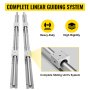 VEVOR Guia Lineal SBR16-1000mm 16MM Guía de deslizamiento lineal Eje 2 Carril 4SBR16UU Cnc Bloque Rodamiento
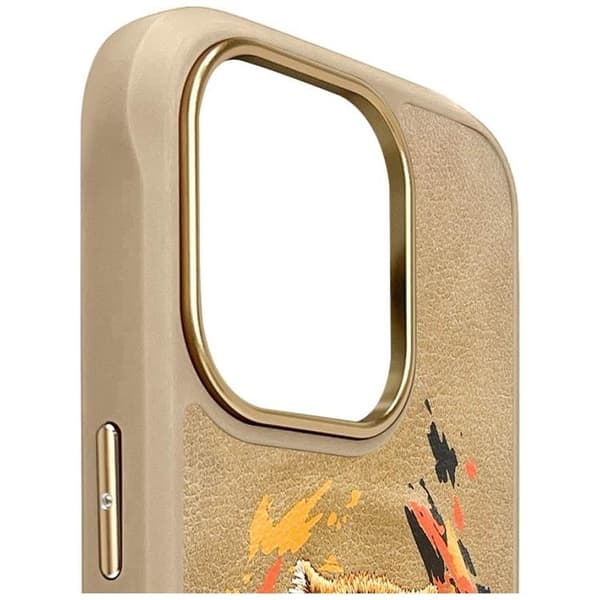 Nimmy Telefontaske til iPhone 16 Pro Max MagSafe Tiger - Lysebrun Brun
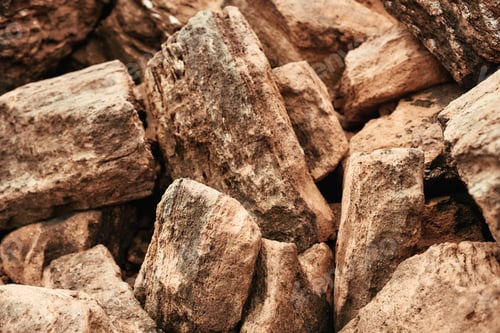 Preview: Close up of big brown stones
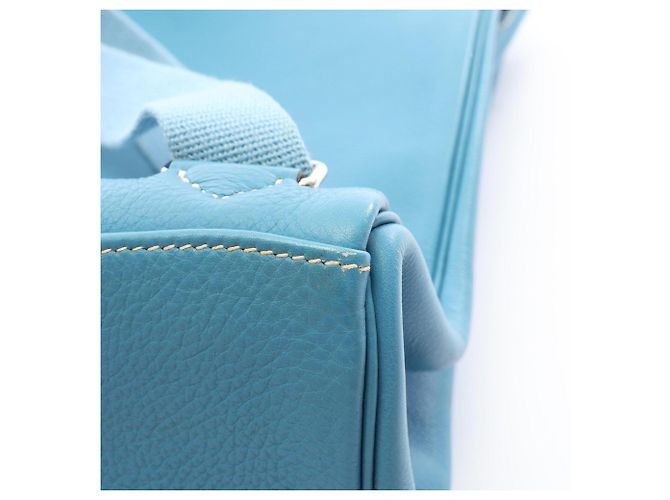 Hermès Zaino/Borsa Hermes Kelly Ad GM in Blue Jean - vista 16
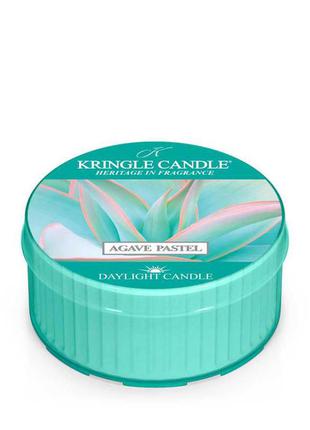 Ароматическая свеча kringle candle - agave pastel1 фото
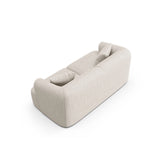 Campi 2-Sitzer Sofa aus Strukturierter Stoff in Hellbeige (Moly 02), 180x90x70 cm von Cosmopolitan Design – Bild 5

* * * * * * *

» WORK REQUIRED
Only the pictures are to be left out; the rest of the material above should be printed verbatim.

» SOLUTION FOR THIS PROBLEM
 VEVOR Guia Lineal SBR16-1000mm 16MM Guía de deslizamiento lineal Eje 2 Carril 4SBR16UU Cnc Bloque Rodamiento
 Nimmy Telefontaske til iPhone 16 Pro Max MagSafe Tiger - Lysebrun Brun
 Preview: Close up of big brown stones
 Hermès Zaino/Borsa Hermes Kelly Ad GM in Blue Jean - vista 16
 Ароматическая свеча kringle candle - agave pastel1 фото
 Campi 2-Sitzer Sofa aus Strukturierter Stoff in Hellbeige (Moly 02), 180x90x70 cm von Cosmopolitan Design – Bild 5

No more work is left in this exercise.